Dennoch fällt Kershaws Resümee am Ende seines Buches im Ganzen erstaunlich positiv aus. »Europa«, schreibt er, »hat sich in einen Kontinent von Zivilgesellschaften verwandelt, in denen in diametralem Gegensatz zur ersten Hälfte des zwanzigsten Jahrhunderts das Militär in der Innenpolitik kaum noch eine Rolle spielt, was erheblich zur Festigkeit des demokratischen Fundaments beiträgt. Es hat, trotz aller Schwierigkeiten, Spannungen und Frustrationen, gelernt, Probleme durch Kooperation und Verhandlungen zu lösen, anstatt zu militärischen Mitteln zu greifen. Und es besitzt in seiner Mitte als mächtigstes und einflussreichstes Land ein friedliches und internationalistisches Deutschland, das den größten denkbaren Gegensatz zu dem Deutschland darstellt, das in den 1930er und 1940er Jahren die Menschenrechte mit Füßen trat und die europäische Zivilisation nahezu vernichtete. Europa hat für die Freiheit gekämpft und gewonnen. Es hat einen Wohlstand erlangt, um den ihn der größte Teil der Welt beneidet. Doch sein Streben nach Einigkeit und einem klaren Identitätsgefühl geht weiter.«

Das klingt durchaus hoffnungsfroh, aber man sollte nicht übersehen, dass das Zitat eben auch die Fallhöhe markiert, die Europa in einer auch vom Autor nicht ausgeschlossenen großen Krise zum Verhängnis werden könnte. Für Kershaw sind es vor allem Entwicklungen wie die durch die neoliberal geprägte Globalisierung erzeugte soziale Ungerechtigkeit und der schwindende soziale Zusammenhalt der Gesellschaft, der Klimawandel und die Halbherzigkeit, mit der europäische Politiker darauf reagieren, die Verunsicherung Europas durch Terrorismus und Migration und die Wiederkehr eines bornierten und aggressiven Nationalismus, die ihn letztlich nicht ausschließen lassen, Europa könne in seinem gegenwärtigen fragilen Zustand womöglich noch einmal von den bösen Geistern der Vergangenheit heimgesucht werden.

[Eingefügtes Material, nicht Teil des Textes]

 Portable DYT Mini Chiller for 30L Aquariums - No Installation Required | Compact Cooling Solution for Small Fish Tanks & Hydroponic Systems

Kiran Klaus Patels Buch Projekt Europa, das sichdadurch auszeichnet, dass es die Entwicklung des politisch verfassten Europas in seiner ganzen Komplexität und Widersprüchlichkeit akribisch nachzeichnet, ohne dabei die großen Entwicklungslinien aus den Augen zu verlieren, kommt am Ende zu einem ähnlichen Fazit wie Kershaw. Das Institutionengefüge der EU, so Patel, »ist (…) anfälliger für eine Fundamentalkrise, falls mehrere gravierende Herausforderungen gleichzeitig auftreten sollten – wenn zum Beispiel Austrittsbewegungen, massive ökonomische Verwerfungen, die Aushöhlung des gemeinsamen Rechts und militärische Spannungen parallel zu bewältigen wären. In einem solchen Szenario kumulativer Krisen dürfte es von vitaler Bedeutung sein, die einzelnen Problemkreise voneinander zu isolieren und getrennt zu bearbeiten. Ansonsten könnte jenes Projekt kollabieren, das im Zentrum dieses Buches stand.« Auch hier also keine Entwarnung. Was den Autor allerdings hoffen lässt, dass sich die EU auch in einer existenzgefährdenden Situation als überlebensfähig erweisen könne, ist die von ihm ausführlich belegte Tatsache, dass sich die Europäer in all den kleinen und größeren Krisen der letzten 50 Jahre immer wieder als zu pragmatischen Lösungen fähig erwiesen haben.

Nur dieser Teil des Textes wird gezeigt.